The Failure Of Keedoozle, The Grocery Store Vending Machine
On September 6, 1916, Piggly Wiggly opened the world's first supermarket location in Memphis, Tennessee, revolutionizing the way people shopped for groceries by allowing them a self-serve experience where they could grab their own items from store shelves. Prior to this, customers would have to give clerks a list of items to retrieve for them.
The idea was the brainchild of Clarence Saunders, a former checkout clerk who birthed the self-service model. At this time in American history, grocery stores were smaller in size and more specialized in products, but to Saunders, the area most in need of change was the extra costs of all the clerks. By allowing customers to peruse store shelves themselves and hire employees for stock and checkout purposes only, Saunders cut costs yet didn't sacrifice convenience.
In a quest to outdo even that breakthrough, Saunders soon focused on a new project — a mechanical automation called Keedoozle that basically provided groceries in a vending machine format. Unfortunately for Saunders, neither society nor technology was quite ready for this type of shopping experience.
The real story behind Keedoozle
Keedoozle was a state-of-the-art pivot in the early 20th century but, in reality, it was more of a desperate last-ditch effort of Saunders to make money than a way of authentically expanding his supermarket empire. In 1923, Saunders got caught engaging in pre-Depression stock market manipulation and was cut off from publicly trading, forcing him to sell his Piggly Wiggly assets and his supermarket fortune. The ensuing Great Depression also deprived Saunders the chance of rebuilding his fortune, and he announced the idea for Keedoozle in 1936 in what he called his "final plunge" into the supermarket business.

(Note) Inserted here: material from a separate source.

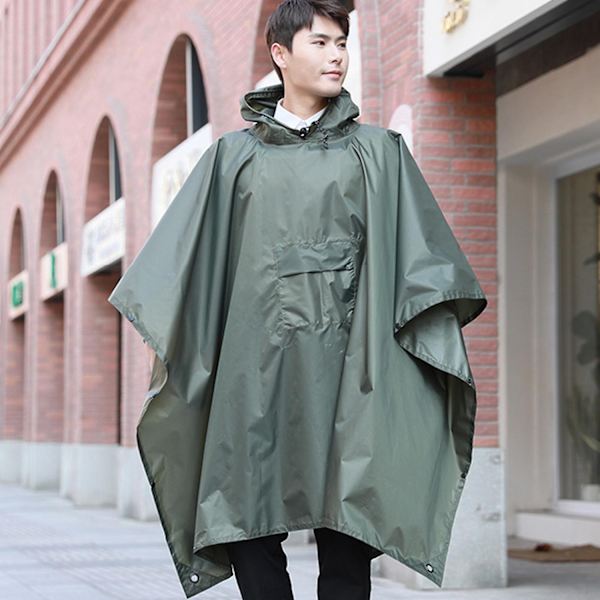 Sateenkaappi 3-in-1 Sateenviitta Vedenpitävä Poncho Aikuinen, Uusiokäyttöinen Sateenviitta Aikuinen Vedenpitävä Poncho-Perfet Green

It's unclear if the name Keedoozle is either a fun way of spelling out "key does all" or a nonsense word that Saunders picked out at random, but the concept implies the former while the chaos of operations points to the latter. The way it worked was that shoppers walked around the store and viewed items through glass display cases, and would insert a key into a slot under each product they wanted to purchase. The keyholes would punch in patterns on ticker tape attached to the keys, which cashiers then inserted into a reader to send signals to a conveyer belt, a la a giant vending machine. If this systems sounds complicated for 1936, that's because it was.
Keedoozle was years ahead of its time
Technical issues plagued Keedoozle almost from day one. The conveyer belts often couldn't keep up with the rush of customers during peak hours, and the electric signals weren't precise enough to get every order right. Clerks still were needed for the operation, too, as humans had to load the conveyor belts behind the scenes. It was here, in one of Keedoozle's earliest test runs, that a reporter was almost crushed under a spilled pile of canned turnips. Ironically, the cost of Keedoozle was also too high to compete with self-service supermarkets since the technology was more expensive to upkeep.
Keedoozle came off the market in 1949, draining Saunders of a then-whopping $170,000 fortune. Not one to take a loss easily, the inventor blamed Keedoozle's failure on the customers, proclaiming that his concept was "too much for the average brain to comprehend." Despite his bitterness, he was truly ahead of his time. Companies like Amazon have been attempting to integrate more automation into grocery shopping, and although customers still pick up items off of shelves without the use of futuristic concepts like Saunders' conveyor belt and keyhole system, Kroger's robotic delivery system sounds pretty darn close. Supermarkets wouldn't be what they are today without Saunders; perhaps his more far-out ideas could find a place in the near future.